Are Penalty-Free Credit Cards Really All That?

If you’ve noticed commercials on TV or the radio lately that advertise no-penalty credit cards, it’s no surprise – they’re a hot commodity now. Citigroup, Discover, and Wells Fargo are just a few companies that offer no-penalty cards. Issuers promise to eliminate one or all penalty fees, including late fees, increased interest and over-limit fees. Sounds great, right?

Well, not so fast. While no-penalty cards definitely seem attractive, the old saying “Nothing in life is ever free” comes to mind. Before you rush out to apply for a card that you think will never penalize you, read on to find out how these promises can be misleading.

If you could really benefit from it, you probably don’t qualify for it.

No-penalty credit cards aren’t actually targeted to people who miss payments. Most people who qualify for Citi’s no-fee Simplicity card, for example, have an average FICO score in the mid-700s, which is considered good credit. Credit card companies make a lot of money on fees (think somewhere in the ballpark of nearly $18 billion a year, according to a June 2011 report), and waiving fees for the people who pay them the most often would cost the companies a fortune in the long run.

Delinquencies are still reported to credit bureaus.

You may not get hit with a fine if you’re late, but if you’re more than 30 days late on your payment, you’ll be reported to the three credit card reporting agencies all the same. This is where the real penalty begins. The FICO credit scoring system, which is used by most lenders, bases 35% of your credit score on whether or not – and how often – you pay your bills on time. According to one estimate by FICO, one 30-day late report can lower your score by anywhere from 80-110 points. This means higher interest, a harder time qualifying for credit . . . you get the idea.

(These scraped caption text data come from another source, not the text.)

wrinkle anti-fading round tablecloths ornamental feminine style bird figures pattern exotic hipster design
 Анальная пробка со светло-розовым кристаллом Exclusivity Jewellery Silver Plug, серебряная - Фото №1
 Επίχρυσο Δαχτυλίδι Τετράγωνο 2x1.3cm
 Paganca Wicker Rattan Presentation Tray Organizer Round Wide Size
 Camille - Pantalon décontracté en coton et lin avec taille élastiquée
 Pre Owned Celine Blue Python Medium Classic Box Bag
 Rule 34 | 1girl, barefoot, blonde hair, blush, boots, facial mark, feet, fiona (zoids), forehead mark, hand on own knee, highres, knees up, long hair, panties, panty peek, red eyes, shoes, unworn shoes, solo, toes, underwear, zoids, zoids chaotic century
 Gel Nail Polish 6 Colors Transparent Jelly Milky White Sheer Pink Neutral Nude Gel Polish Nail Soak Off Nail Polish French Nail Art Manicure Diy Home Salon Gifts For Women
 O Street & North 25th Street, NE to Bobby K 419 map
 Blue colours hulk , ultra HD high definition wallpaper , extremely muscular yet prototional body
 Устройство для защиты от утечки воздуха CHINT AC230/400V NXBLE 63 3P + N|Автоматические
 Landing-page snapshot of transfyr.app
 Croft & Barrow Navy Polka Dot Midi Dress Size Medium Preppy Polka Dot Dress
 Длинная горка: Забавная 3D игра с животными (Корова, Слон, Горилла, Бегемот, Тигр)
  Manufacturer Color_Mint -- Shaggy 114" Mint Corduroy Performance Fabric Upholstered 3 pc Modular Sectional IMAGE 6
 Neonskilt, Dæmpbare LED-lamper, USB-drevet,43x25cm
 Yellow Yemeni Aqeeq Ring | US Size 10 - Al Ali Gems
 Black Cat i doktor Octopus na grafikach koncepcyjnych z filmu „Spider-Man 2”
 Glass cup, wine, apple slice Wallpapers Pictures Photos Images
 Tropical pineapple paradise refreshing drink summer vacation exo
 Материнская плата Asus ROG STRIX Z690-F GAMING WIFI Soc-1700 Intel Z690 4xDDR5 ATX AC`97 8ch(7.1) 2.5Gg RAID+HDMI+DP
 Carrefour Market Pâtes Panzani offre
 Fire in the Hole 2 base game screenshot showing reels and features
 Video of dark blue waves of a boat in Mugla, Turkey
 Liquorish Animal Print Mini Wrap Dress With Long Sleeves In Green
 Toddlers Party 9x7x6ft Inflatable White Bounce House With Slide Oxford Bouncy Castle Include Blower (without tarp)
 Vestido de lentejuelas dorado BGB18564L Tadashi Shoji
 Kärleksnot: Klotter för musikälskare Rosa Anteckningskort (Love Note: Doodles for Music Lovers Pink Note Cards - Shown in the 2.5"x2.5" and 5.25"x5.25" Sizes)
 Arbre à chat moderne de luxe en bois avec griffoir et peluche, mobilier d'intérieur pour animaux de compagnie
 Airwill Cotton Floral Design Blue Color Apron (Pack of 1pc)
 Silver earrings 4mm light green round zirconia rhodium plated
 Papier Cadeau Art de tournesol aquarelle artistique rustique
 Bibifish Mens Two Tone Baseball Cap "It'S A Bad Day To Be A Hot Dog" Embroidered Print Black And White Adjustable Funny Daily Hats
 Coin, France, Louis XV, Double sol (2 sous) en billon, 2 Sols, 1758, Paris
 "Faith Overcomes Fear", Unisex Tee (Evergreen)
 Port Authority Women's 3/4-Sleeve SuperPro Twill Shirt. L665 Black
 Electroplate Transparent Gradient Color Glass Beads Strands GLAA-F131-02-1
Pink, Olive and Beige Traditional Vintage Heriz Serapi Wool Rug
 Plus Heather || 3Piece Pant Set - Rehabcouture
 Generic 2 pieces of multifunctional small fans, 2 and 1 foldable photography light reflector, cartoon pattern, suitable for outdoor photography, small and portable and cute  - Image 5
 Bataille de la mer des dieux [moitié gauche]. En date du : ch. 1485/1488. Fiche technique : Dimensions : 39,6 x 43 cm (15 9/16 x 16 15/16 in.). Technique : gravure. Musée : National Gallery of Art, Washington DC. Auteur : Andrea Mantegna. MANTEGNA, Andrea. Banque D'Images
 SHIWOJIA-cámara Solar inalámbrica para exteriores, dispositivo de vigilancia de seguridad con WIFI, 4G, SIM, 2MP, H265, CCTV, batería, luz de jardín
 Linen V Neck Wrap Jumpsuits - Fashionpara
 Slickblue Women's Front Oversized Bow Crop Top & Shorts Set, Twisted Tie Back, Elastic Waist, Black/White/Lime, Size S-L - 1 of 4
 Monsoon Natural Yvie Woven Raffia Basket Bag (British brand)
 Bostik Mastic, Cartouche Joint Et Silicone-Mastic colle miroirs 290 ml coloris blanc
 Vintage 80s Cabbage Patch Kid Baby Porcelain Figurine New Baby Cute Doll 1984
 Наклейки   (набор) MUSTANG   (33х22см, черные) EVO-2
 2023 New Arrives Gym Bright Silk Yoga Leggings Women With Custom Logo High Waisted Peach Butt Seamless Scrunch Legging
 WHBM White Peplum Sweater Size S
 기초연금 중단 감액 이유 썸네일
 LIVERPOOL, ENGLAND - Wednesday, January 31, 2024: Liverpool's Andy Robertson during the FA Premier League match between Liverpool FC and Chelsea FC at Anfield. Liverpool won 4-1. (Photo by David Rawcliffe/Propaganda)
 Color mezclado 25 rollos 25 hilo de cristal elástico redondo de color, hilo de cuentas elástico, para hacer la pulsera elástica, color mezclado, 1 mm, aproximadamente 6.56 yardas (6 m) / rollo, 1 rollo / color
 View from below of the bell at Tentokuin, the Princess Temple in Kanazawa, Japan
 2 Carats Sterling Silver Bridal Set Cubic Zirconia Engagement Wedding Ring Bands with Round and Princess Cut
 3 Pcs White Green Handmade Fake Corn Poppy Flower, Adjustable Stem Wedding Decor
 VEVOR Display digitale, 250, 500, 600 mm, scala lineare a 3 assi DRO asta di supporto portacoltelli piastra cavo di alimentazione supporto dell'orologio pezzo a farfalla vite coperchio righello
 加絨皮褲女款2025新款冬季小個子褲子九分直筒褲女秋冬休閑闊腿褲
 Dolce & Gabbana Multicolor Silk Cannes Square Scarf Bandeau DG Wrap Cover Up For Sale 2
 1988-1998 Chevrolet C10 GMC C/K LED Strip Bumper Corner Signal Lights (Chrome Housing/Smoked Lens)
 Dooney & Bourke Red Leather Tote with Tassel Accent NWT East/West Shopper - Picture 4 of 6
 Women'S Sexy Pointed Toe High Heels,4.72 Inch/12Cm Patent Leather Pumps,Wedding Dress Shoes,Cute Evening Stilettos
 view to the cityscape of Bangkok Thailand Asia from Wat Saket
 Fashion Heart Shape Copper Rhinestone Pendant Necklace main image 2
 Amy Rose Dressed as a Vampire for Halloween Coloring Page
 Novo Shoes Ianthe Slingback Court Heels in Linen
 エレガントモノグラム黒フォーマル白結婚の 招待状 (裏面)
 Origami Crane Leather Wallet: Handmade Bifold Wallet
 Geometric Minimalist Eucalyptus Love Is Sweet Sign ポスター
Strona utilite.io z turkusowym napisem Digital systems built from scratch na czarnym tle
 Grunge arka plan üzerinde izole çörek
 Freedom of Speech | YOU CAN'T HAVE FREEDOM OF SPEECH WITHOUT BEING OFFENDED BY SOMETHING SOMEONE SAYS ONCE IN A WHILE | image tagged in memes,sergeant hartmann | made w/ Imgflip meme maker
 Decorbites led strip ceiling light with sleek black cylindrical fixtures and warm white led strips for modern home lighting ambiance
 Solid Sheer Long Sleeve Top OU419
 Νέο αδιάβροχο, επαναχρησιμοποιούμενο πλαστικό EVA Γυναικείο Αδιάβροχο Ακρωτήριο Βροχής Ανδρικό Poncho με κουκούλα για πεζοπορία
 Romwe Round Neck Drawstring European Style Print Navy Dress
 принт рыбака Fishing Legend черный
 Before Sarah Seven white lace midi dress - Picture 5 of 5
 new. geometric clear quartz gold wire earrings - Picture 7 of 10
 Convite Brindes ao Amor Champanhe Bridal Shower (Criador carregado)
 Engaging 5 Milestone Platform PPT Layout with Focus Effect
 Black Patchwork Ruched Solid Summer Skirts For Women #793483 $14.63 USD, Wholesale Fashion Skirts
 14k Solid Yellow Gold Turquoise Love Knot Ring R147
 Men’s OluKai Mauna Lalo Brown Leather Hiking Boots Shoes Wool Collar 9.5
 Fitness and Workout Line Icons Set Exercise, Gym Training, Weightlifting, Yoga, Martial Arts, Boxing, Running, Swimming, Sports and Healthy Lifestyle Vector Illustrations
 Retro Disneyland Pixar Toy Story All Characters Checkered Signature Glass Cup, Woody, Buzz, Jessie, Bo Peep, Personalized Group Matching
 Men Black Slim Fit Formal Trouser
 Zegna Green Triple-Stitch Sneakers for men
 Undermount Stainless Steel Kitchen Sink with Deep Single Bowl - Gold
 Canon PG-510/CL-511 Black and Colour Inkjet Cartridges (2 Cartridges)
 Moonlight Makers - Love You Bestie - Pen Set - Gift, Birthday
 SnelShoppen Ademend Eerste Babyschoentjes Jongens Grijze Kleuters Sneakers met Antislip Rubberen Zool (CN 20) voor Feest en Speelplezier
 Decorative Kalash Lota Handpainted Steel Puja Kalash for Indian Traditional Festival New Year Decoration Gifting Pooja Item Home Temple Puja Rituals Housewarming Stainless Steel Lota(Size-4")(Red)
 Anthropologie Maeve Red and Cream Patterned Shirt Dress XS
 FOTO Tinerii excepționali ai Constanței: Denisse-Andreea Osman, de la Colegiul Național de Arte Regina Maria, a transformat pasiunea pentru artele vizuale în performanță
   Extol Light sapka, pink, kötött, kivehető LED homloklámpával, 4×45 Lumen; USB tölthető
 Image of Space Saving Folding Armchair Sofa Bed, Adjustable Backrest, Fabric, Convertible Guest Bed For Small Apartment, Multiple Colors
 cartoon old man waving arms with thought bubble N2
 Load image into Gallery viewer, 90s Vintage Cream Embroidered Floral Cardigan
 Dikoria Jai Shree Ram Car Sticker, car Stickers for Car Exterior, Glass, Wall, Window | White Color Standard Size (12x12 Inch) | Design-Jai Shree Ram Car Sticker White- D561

Some advertised “benefits” aren’t really benefits.

Before the Credit CARD Act of 2009, credit card issuers had the ability to hike interest rates to the highest legal limit if you were just a day late on your payment. Under new regulations, however, credit cards can’t increase rates unless you’re at least 60 days late. What’s more, they have to notify you in writing at least 45 days before the rate goes up. So legally, you have three months before your interest rates can go up. These rules apply to all credit card companies.

What does this mean for you? No-penalty credit cards that boast they won’t raise your interest rate if you’re late aren’t doing you a favor—they’re simply obeying the law.

Rewards are non-existent.

One of the great things about credit cards is the ability to earn perks and rewards like airline miles, discounts, gift cards, cash back, and more. With a no-penalty credit card, not having to pay a penalty if you’re late is the reward – the only reward.

So are no-penalty credit cards worth the hype? When you compare them to some of the other cards out there, probably not. While the lack of penalties is a definite perk, it’s pretty much the only perk, and if you qualify for a no-penalty credit card, chances are you already have good credit. That means you’re probably qualified for a card with a lower annual interest rate that offers rewards you’ll actually use.